Figure 2 depicts the understandings and value of project management as viewed by the buyers and sellers. In quadrant 1 (Q1), project management is understood in tactical terms and purchased for efficiency values such as return on investment, reduced costs, and increased quality. Project management consists of tools and techniques. Most project management sales relationships in the past have predominated in this quadrant. Some may purchase project management in quadrant 2 (Q2) when buyers are strategic and sellers are tactical, but not many. Instead, the buyers will seek out sellers that are aligned to their values. In quadrant 3 (Q3) where buyers are tactical and sellers strategic, executives that purchase these project management services may come to realize the added value of doing so but possibly at the risk of staff resistance to change as project management is introduced at a more advanced level. Those selling strategically to tactical buyers and those selling tactically to strategic buyers (Q2, Q3) will soon find that they are not aligned and either adapt their sales strategies or be given even less access to senior management. Those selling strategic solutions will be aligned with buyers seeking effectiveness values (customer satisfaction, collaboration, organizational effectiveness, and knowledge sharing). This point may be viewed at the intersection of the quadrants. Quadrant 4 (Q4) is similar to Q1 in that there is alignment. The seller and buyer (Q4) understand the need to use project management for long-term success from an organizational and business standpoint. Buyers are seeking innovation values of market expansion (creating new markets, developing a global presence) and advantage creation (changing industry and market practices) (Frost 1999). Sellers are selling relationships at the business-to-business level. We observed that this advanced case existed at only one firm where we interviewed projectized staff.

Barriers to Selling Project Management

The feedback on barriers to successful project management experiences indicated that project managers and executives do not view project management as useful for more than a control mechanism. This limited view leads to the dismissal of project management as expensive overhead that has little connection to business value creation.

Some executives see project management as "easy and something anyone can do." Others cite resistance to purchasing project management as a lack of alignment between stakeholders as well as a lack of willingness to "put some skin on the table" and share in the project risk. Still others indicated that some executives lacked a clear understanding of project management, and that they viewed it as expensive overkill. One practitioner stated that, "These people don't know project management, they don't trust it, and they think it is make-work." The results showed that within the buyer's domain, there is a significant range of diverse opinions and attitudes toward project management.

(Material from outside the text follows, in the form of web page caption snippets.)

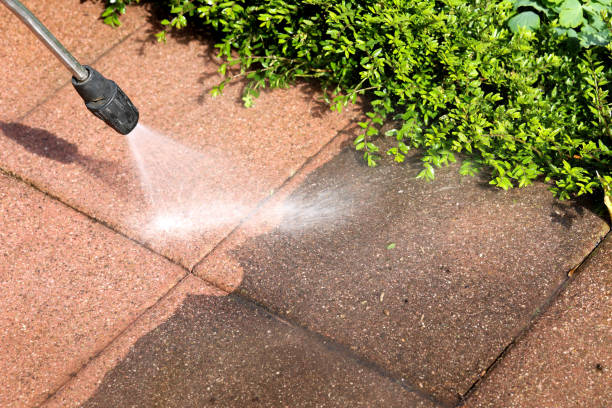 Roof Power Washing Services in Brogden, NC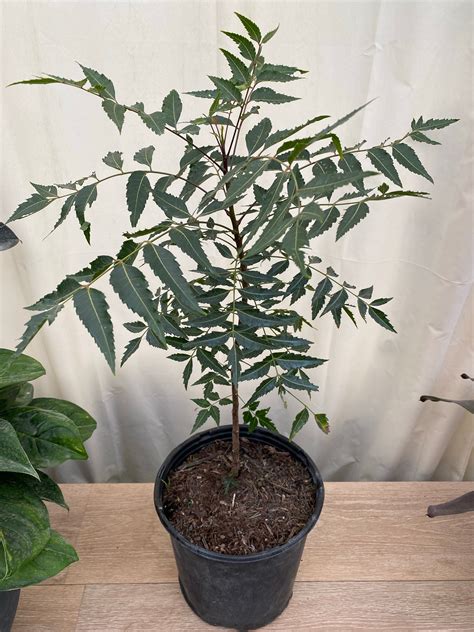 Neem Tree 的图像结果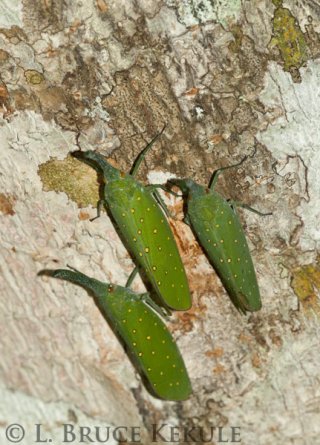 Lantern bugs in Huai Kha Khaeng
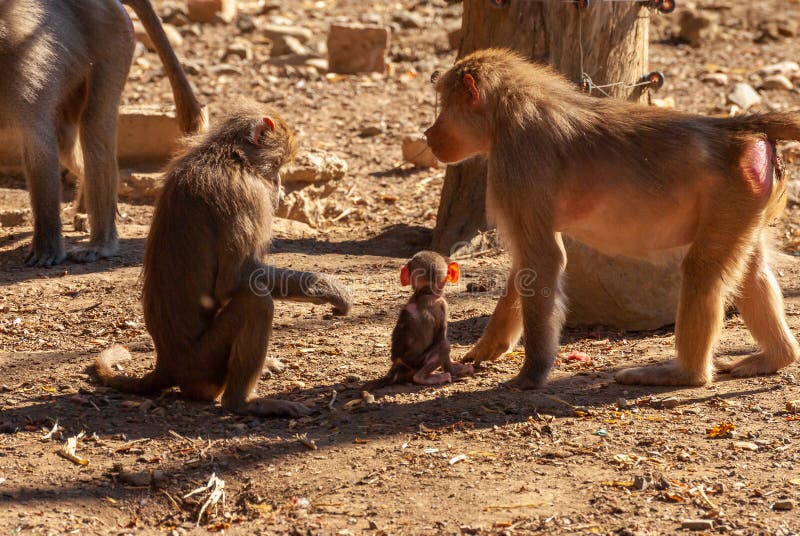 Macacos engraçados imagem de stock. Imagem de quente - 69004477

Similarly, consultants believed that senior management did not understand project management or its true value potential. Some consultants indicated that executives did not understand what it takes to do projects well, nor did they appreciate the detail involved in project management. They saw the major barrier as a matter of changing mindsets and organizations at a cultural level. One interviewee noted that, "People have to feel the value to change, not see it."

Other examples of executive resistance to project management as cited by project managers included comments such as "Don't tell me how it's done, just show me the results." One key issue appears to be a mismatch between need and expectations. That is, project managers do not always use the right arguments to convince management that project management can address a particular management need. Thus, disconnects occur between the project managers who tactically sell the features and attributes (merits) of specific tools and techniques for project success to management. Instead, executives want results and benefits at the business level. Therefore, project managers need to convince executives of the value of project management by going well beyond the traditional metrics of delivering on time, on budget, and within scope. This will require project managers to first understand what they do to add value to business objectives before expecting executives to change the way they see things.

These barriers to selling project management were common themes in the course of extracting meaning from the interviews. The barriers reflect a resistance to change and a desire to maintain the status quo. The barriers at the executive level related to their understanding of project management and, frequently, their lack of experience with it to appreciate its merits. On the basis of the differing viewpoints, it becomes clearer why a difficulty exists in understanding the value of project management. In particular, the disconnect looms large when the intentions of the seller and buyer diverge significantly.

How is Project Management Successfully Sold?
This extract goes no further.